### Description of the task
Where the line containing "Guest House at 4907 Bryan" appears, begin retyping; continue exactly through the final line of the data. Omit every picture.

Short descriptive text snippets
════════════════════

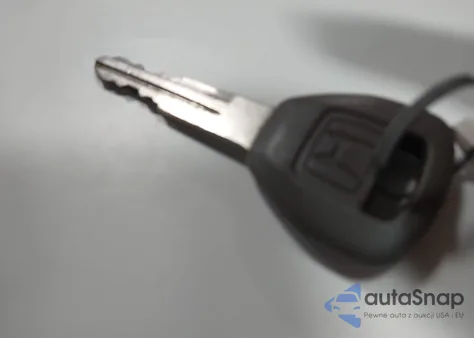 2001 Honda Accord 3.0 Ex from USA, damaged, VIN 1HGCG16551A005936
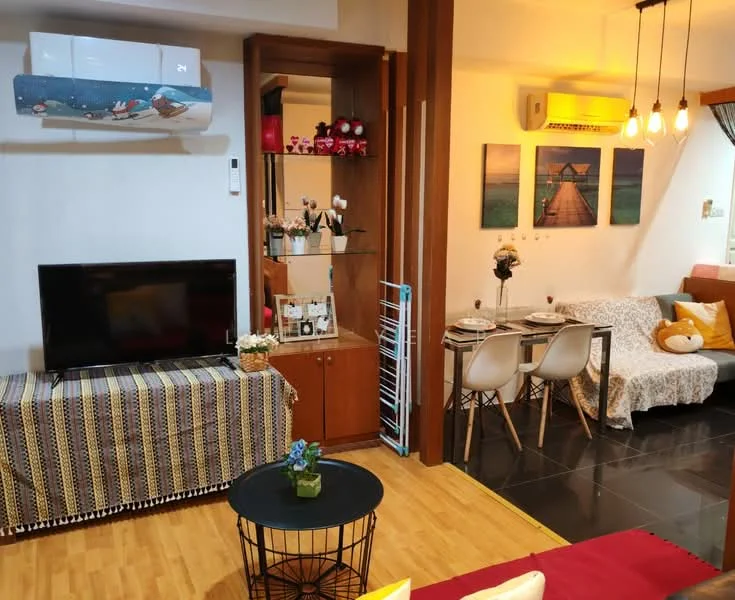 Living features: wooden flooring, wall-mounted TV, sofa with cushions, coffee table, decorative plants, shelves with decorative items, air conditioning unit, pendant lighting, dining table with chairs, artwork on walls; style: modern.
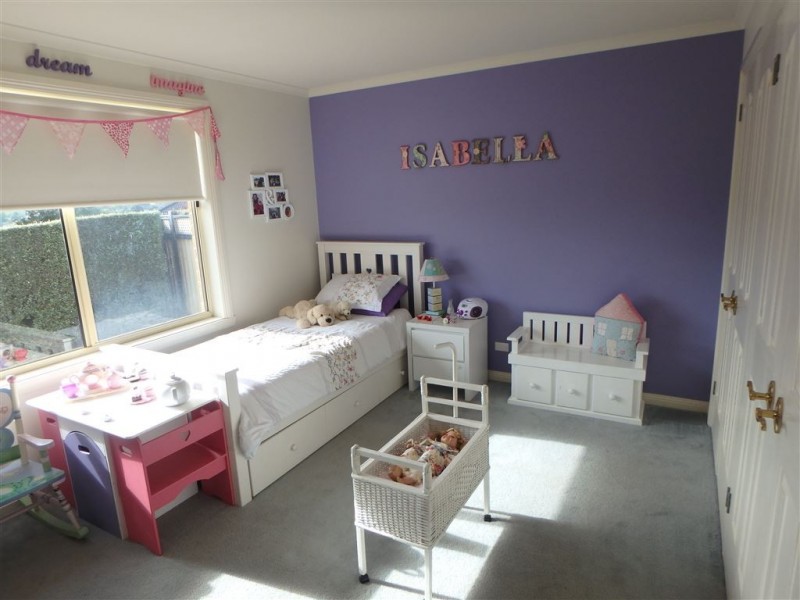 4 McMillan Drive, Warragul VIC 3820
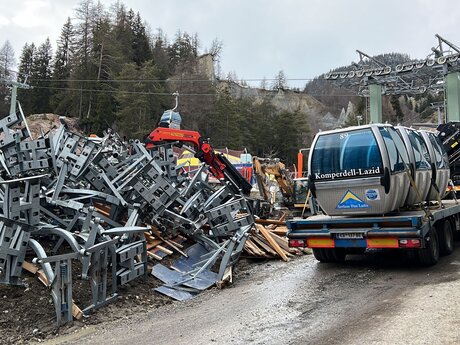 Gondeln der Komperdellbahn auf einem LKW bereit zum Abtransport | © Seilbahn Komperdell GmbH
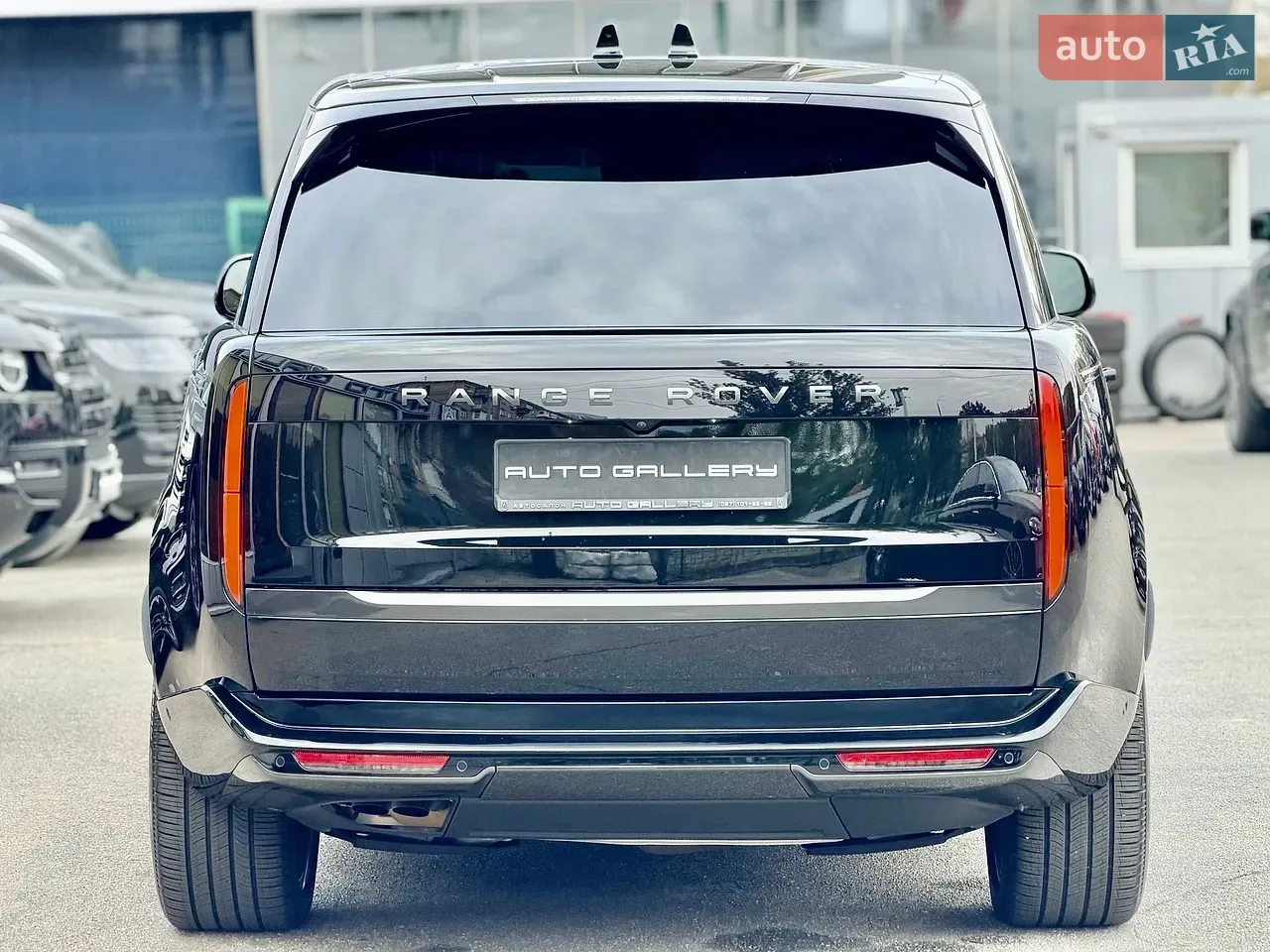 Land Rover Range Rover 2025 photo 2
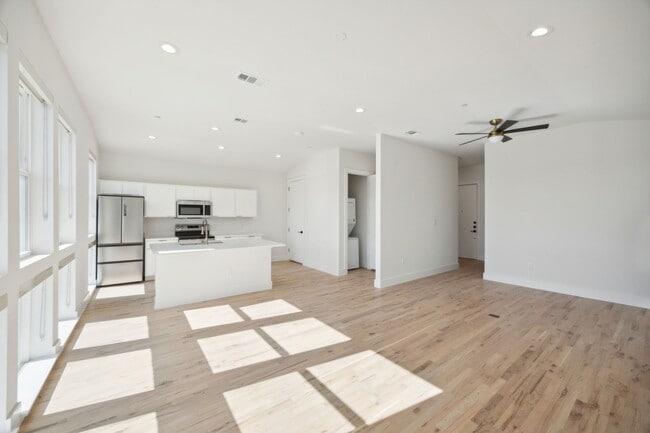 Guest House at 4907 Bryan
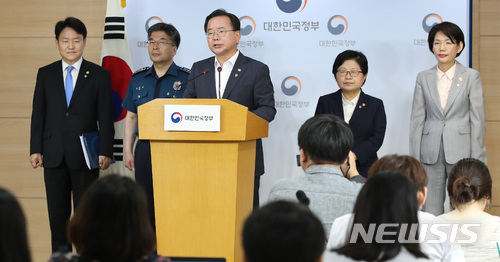 【서울=뉴시스】김선웅 기자 = 15일 오전 서울 종로구 정부서울청사에서 교육부·법무부·행정안전부·여성가족부·경찰청 등 관계기관 합동 브리핑에서 김부겸 행정안전부 장관이 발언을 하고 있다. 정부는 이날 불법촬영과 성차별로 고통받는 여성들의 공포와 분노에 대해 깊이 공감하고 우리 사회에서 완전히 불법 촬영이 완전히 근절될 수 있도록 모든 기관이 나서서 가능한 모든 수단과 자원을 동원해야 한다고 밝혔다. 2018.06.15. mangusta@newsis.com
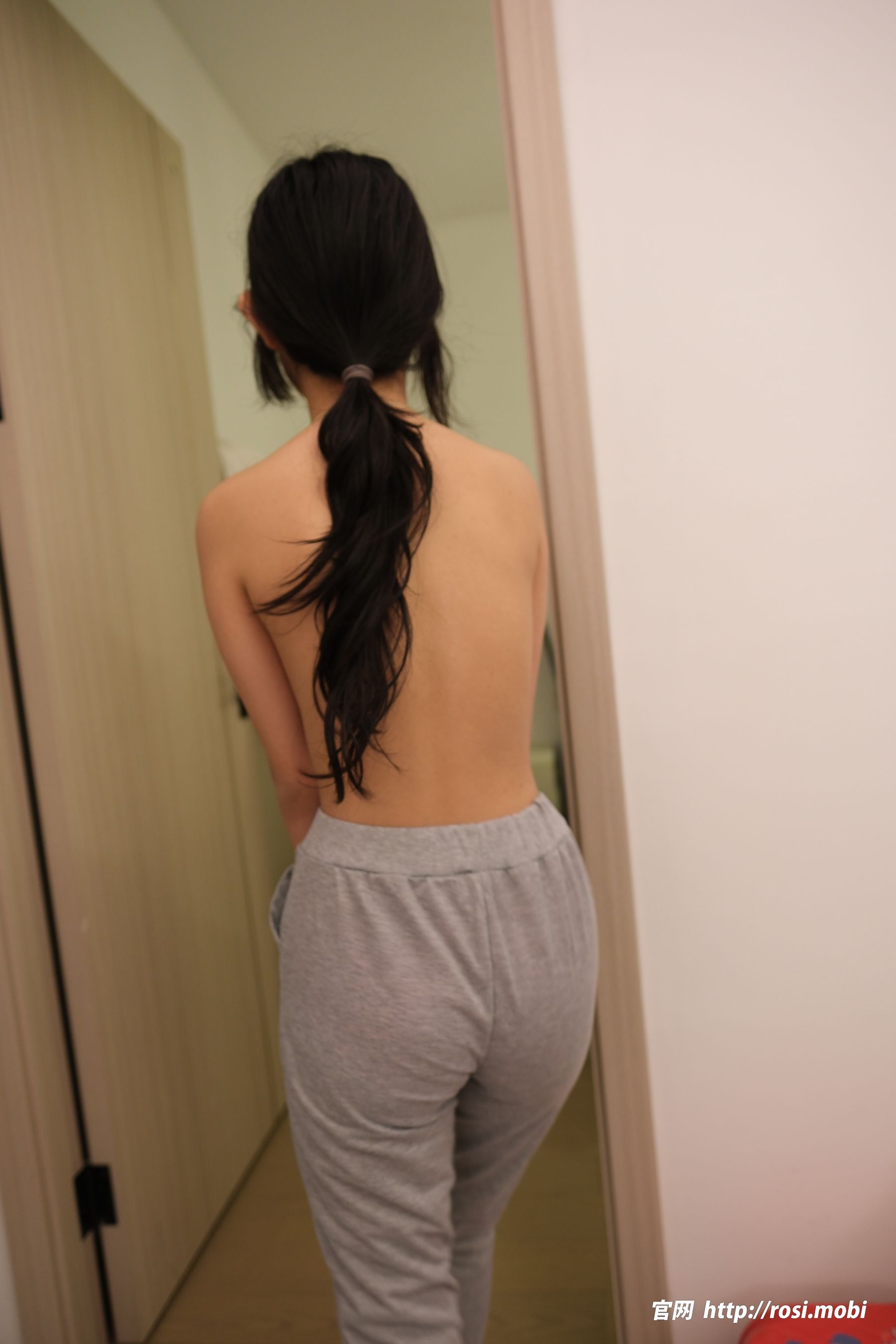 [ROSI写真] 2025.04.04 NO.4869/(69P)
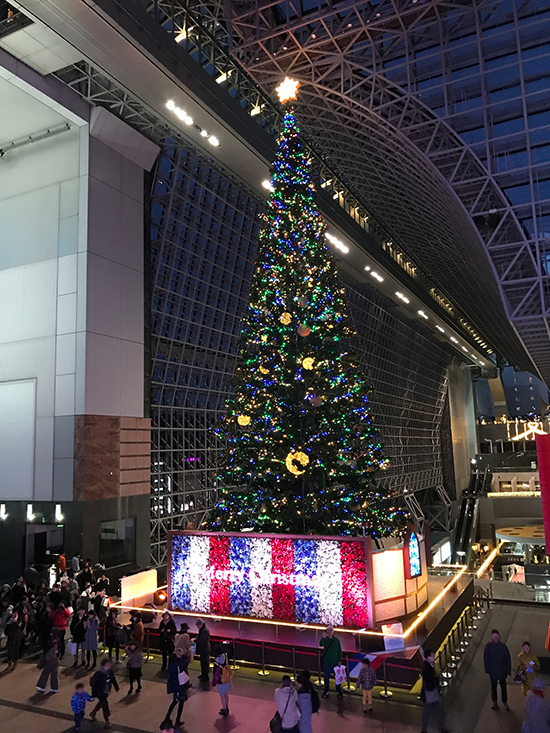 京都駅ビルのクリスマスイルミネーション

════════════════════

### Your solution
 Guest House at 4907 Bryan
 【서울=뉴시스】김선웅 기자 = 15일 오전 서울 종로구 정부서울청사에서 교육부·법무부·행정안전부·여성가족부·경찰청 등 관계기관 합동 브리핑에서 김부겸 행정안전부 장관이 발언을 하고 있다. 정부는 이날 불법촬영과 성차별로 고통받는 여성들의 공포와 분노에 대해 깊이 공감하고 우리 사회에서 완전히 불법 촬영이 완전히 근절될 수 있도록 모든 기관이 나서서 가능한 모든 수단과 자원을 동원해야 한다고 밝혔다. 2018.06.15. mangusta@newsis.com
 [ROSI写真] 2025.04.04 NO.4869/(69P)
 京都駅ビルのクリスマスイルミネーション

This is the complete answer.